ESE students travel to Zambia to study investment effects

Newsroom EUR

Ending the day on an African hilltop, watching the sun go down. It was just one of the many highlights of a study trip, undertaken by 20 students of the Erasmus School of Economics (ESE), to see what makes investors decide to opt for Zambia. Hoping to discover how these decisions impact sustainable development in its agro-processing industry, Miriam Belhaine and 19 fellow students packed their bags and took off. 

When we speak, Miriam is about to pack for a well-deserved trip to see the Victoria Falls and enjoy a safari. That said, the 20 representants of the AEclipse student union did not just go to see the famous waterfalls or the Big Five. After four months of desk research, studying the effects of direct foreign investments in Zambia, they recently completed their project with two weeks of field work, interviewing production managers at foreign-owned companies. 

Cows and chickens

Buffalos, leopards, rhinoceros, elephants and lions are all glorious creatures, but Belhaine’s group primarily came to check on cows and chickens. Having spent months researching the effects of climate change in Tanzania during an earlier study, Miriam felt the urge to return to Africa for her studies in International Economics. Fortunately, the continent was well-represented at the priority list set up by the European Center for Development Policy Management (ECDPM) in Maastricht. Partnering up with this organisation, as well as the faculty and a Dutch water company, her commission managed to organise this study trip, which is expected to produce a report that will inform future investors.

Having seen several meat processing plants, ranches, and a Zambian Breweries malting plant, Miriam believes direct foreign investments are actually doing a lot of good for the country. By training people to work with machines that are not available at local schools, foreign-owned companies provide skilled employment to thousands of workers. And although many of these jobs may not be the most interesting, Belhaine admits, the students saw no evidence of practices such as child labour. Instead, the chicken processing factory they visited was up to modern standards. Dressed in white boots, overalls and hair nets, the students got to see how each employee had one specific job, such as removing legs or guts. Tens of simple steps made up an effective production line. 

Elephant in Zambia

Tax benefits

Most of the companies the students visited, enjoy several of the tax benefits the Zambian government offers to foreign investors in order to stimulate its economy. Nevertheless, serious risks to investments and a large national debt result in high interest rates and an unstable exchange rate, making it hard to borrow money locally, the students noted. And there are other issues. Despite registering as Zambian companies to avoid administrative hassle, political decisions may have a big impact on foreign investors. If the government would not allow for tax cuts, Miriam believes, most large multinationals in the agro-processing industry would not be here - Big Five or no Big Five.

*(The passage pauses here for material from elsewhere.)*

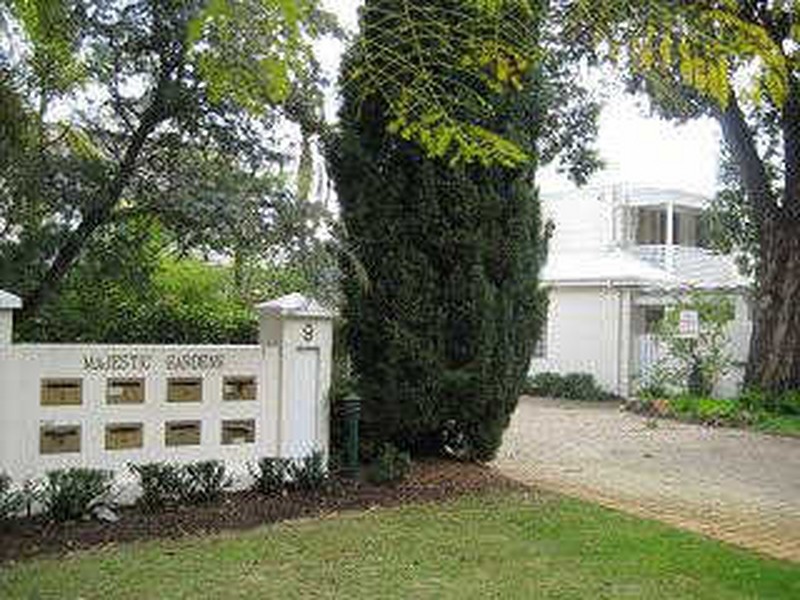 2/9 MacLeod Road, Applecross WA 6153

Companies are driven by the object to earn money, and roughly the same applies to their sustainable behaviour. As part of their research, the students looked into the environmental impact of production. Out of economic considerations an enterprise like Kachema Meat Supplies aims to use water and energy as efficiently as possible, Belhaine noted, and companies also have the obligation to do so.

But unlike the really large multinationals, the students concluded, many of such self-proclaimed ‘proudly Zambian’ companies powered by foreign funding take these measures out of a love for the country as well. And driving on a ranch in a land rover, cruising towards an African sunset, could you blame them?